> PROBLEM: What is needed is each line of the data below that holds the string "Hotel".

> DATA EXTRACT:

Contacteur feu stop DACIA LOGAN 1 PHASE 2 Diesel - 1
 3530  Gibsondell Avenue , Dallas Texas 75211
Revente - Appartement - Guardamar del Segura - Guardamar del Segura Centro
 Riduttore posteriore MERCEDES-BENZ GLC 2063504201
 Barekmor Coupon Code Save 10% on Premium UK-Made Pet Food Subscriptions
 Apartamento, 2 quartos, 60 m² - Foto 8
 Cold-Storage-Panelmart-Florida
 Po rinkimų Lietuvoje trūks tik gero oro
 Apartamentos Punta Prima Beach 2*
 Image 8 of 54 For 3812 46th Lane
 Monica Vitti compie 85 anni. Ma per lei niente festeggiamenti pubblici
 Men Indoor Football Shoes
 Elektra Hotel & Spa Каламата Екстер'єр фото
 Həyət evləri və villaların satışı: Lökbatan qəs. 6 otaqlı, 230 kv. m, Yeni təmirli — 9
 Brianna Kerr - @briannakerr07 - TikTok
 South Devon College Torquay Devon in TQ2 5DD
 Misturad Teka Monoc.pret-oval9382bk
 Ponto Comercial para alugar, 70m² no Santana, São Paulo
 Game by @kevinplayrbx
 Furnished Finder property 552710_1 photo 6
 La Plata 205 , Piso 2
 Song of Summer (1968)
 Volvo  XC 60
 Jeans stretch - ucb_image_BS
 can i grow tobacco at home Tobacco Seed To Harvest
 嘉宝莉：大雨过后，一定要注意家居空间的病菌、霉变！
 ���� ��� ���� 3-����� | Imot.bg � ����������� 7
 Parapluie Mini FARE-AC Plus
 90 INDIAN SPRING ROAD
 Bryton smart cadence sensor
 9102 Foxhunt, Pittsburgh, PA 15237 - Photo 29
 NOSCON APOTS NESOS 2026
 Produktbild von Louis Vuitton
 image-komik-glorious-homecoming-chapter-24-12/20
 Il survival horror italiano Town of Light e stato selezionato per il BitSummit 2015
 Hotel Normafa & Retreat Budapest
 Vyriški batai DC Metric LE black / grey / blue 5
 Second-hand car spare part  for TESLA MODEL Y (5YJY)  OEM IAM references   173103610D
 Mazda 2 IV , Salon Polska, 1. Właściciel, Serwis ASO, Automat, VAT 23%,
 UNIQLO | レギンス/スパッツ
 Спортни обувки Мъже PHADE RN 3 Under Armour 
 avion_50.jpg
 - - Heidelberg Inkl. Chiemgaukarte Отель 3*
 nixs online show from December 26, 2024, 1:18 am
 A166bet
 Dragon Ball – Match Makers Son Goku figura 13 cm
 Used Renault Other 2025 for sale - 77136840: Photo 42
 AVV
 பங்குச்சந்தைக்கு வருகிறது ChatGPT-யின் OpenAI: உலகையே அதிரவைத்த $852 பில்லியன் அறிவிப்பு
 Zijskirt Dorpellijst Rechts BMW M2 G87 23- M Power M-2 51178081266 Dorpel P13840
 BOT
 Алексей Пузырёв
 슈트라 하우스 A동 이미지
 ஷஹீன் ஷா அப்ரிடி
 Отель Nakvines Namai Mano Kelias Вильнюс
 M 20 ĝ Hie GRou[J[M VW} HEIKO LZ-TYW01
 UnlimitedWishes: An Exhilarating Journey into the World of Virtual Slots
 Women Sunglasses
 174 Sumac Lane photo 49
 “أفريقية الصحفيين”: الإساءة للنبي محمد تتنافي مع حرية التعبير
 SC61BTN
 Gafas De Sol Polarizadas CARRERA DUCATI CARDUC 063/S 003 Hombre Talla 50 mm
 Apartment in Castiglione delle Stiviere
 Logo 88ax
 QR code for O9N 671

> RESPONSE:
 Elektra Hotel & Spa Каламата Екстер'єр фото
 Hotel Normafa & Retreat Budapest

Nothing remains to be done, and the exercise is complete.